夫婦二人世帯で5万円超!? どんどん値上げされる電気料金の今後は?
(画像=『女子SPA!』より引用)

関西電力の電気料金が横這いなのは、燃料費調整制度の上限に達したからだが、早晩、値上げは避けられない

環境ジャーナリストの石井孝明氏は、その背景をこう読み解く。

「背景は3つあります。1つ目に、近年の脱炭素の流れの中で、火力発電が縮小されたこと。東電は’19年までに200万kwほどの発電能力を持つ石油火力発電所を閉鎖した。その後、’20年に菅義偉政権が’50年までに温室効果ガスの排出を実質ゼロにするカーボンニュートラルを宣言。火力発電縮小を政策が加速させた格好です。

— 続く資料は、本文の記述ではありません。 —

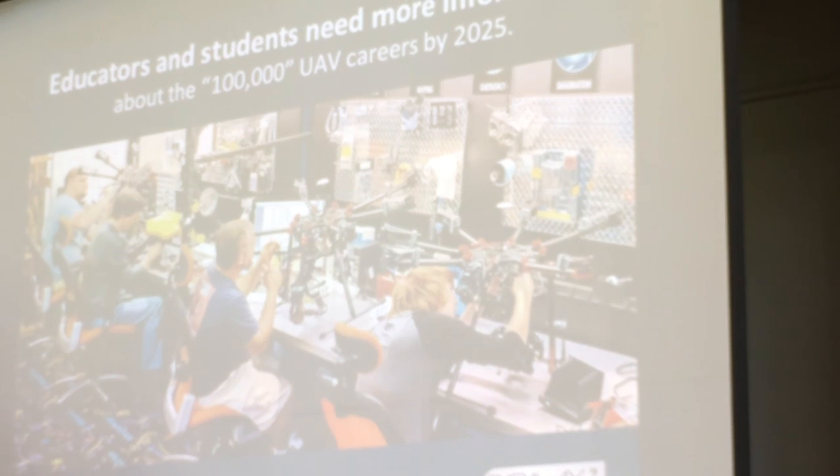They need more information — they want to know about the jobs that are out there. Good luck. Thank you.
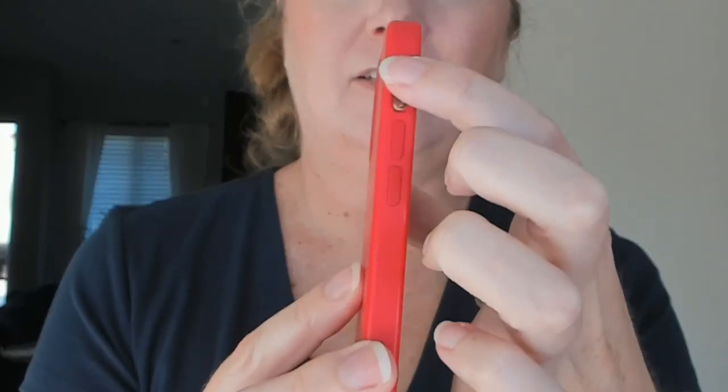Hey y'all, I want to show you my Apple iPhone silicone phone case. This is in the code red color. You can see I have it on. All the buttons have a slot.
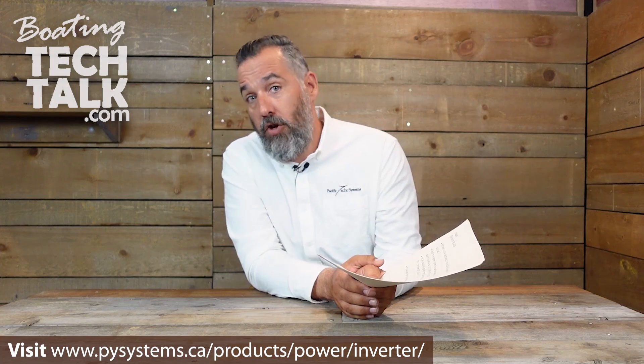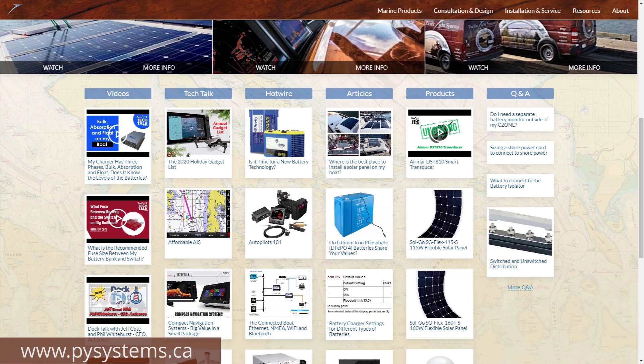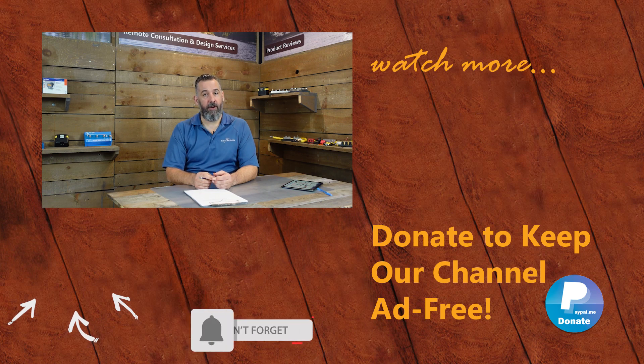If you've got further questions on inverter chargers, we have a whole section on our website with tons of videos and articles — use the search bar, it actually works. Post any unanswered questions down below and I'll answer them as they come. Thanks for watching and be safe on the water. If you've got further questions please ask them below or send us an email via the contact forms on our website. You can support us in keeping this channel ad-free by purchasing merchandise on our store or making a donation on PayPal. Don't forget to subscribe — thanks again for watching.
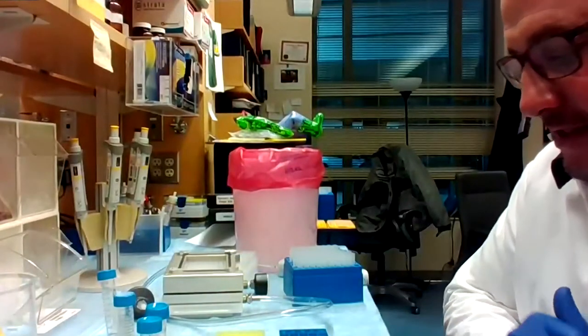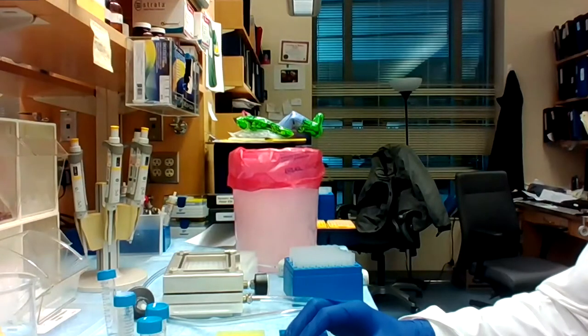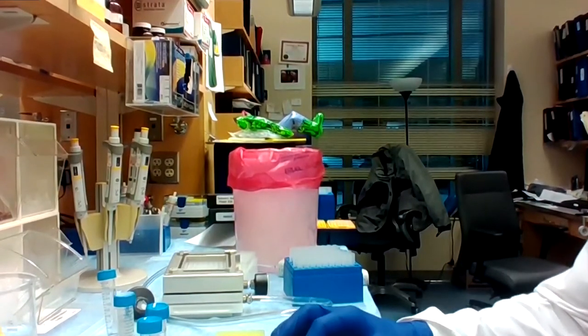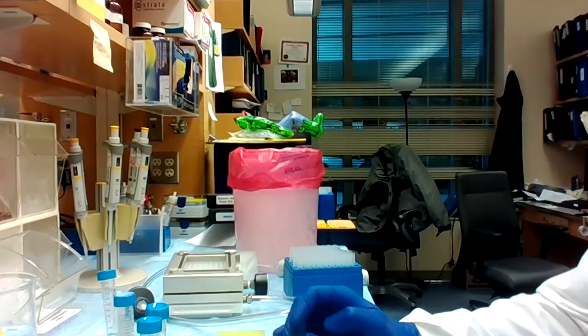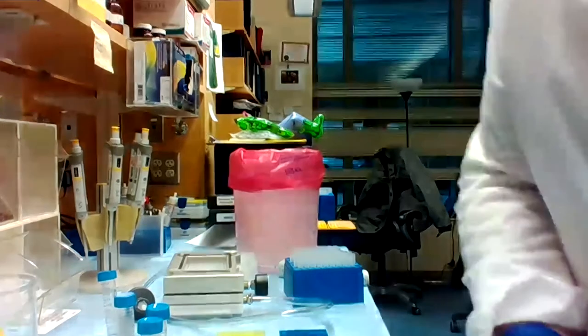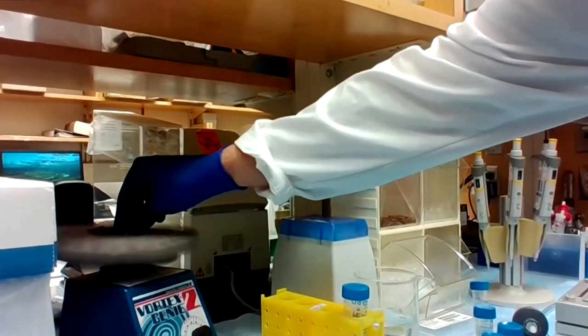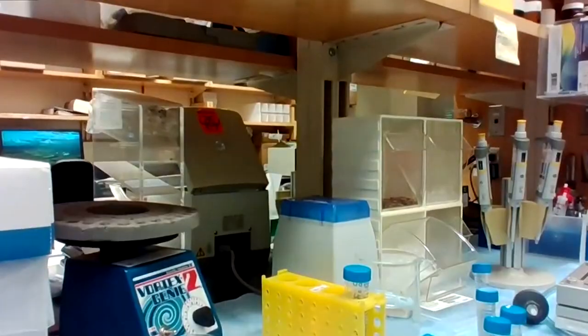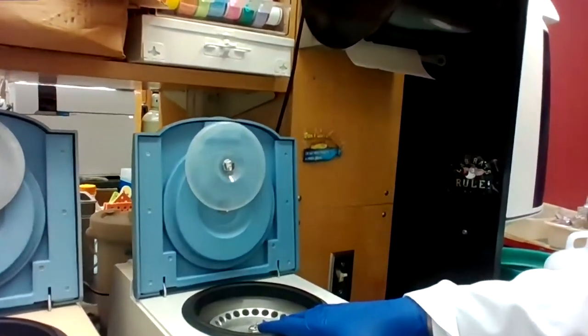Today we're going to use the MTBE — methyl tert-butyl ether — extraction technique. Once we add the plasma and the ether, the next step is to vortex the samples. I usually do that for one minute. When that's done, I will use a centrifuge and put the tubes into the centrifuge for five minutes at 17,000 times G.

2つめは、再生可能エネルギー(再エネ)の過剰な優遇。原発事故翌年から始まった再エネ振興策によって、東電管内の太陽光発電設備は1000万kwまで増えたが、3月22日にはほとんど役に立たなかった。

そして、3つ目が原発再稼働の遅れです。原発事故以降、営業運転を再開した原発は全33基中、10基にとどまる。これら供給不安の要因は、そのまま料金高騰の要因にもなっているのです」

夫婦二人世帯で5万円超!? どんどん値上げされる電気料金の今後は?
(画像=『女子SPA!』より引用)

需要急増に対応する火力発電が減れば、停電リスクが増す

「夏はどう節約すればいいのか……」

「安さ」がウリのはずの新電力も、料金が大幅に上がっている。高原恭介さん(仮名・30代男性)も、料金の高騰に悲鳴を上げた一人だ。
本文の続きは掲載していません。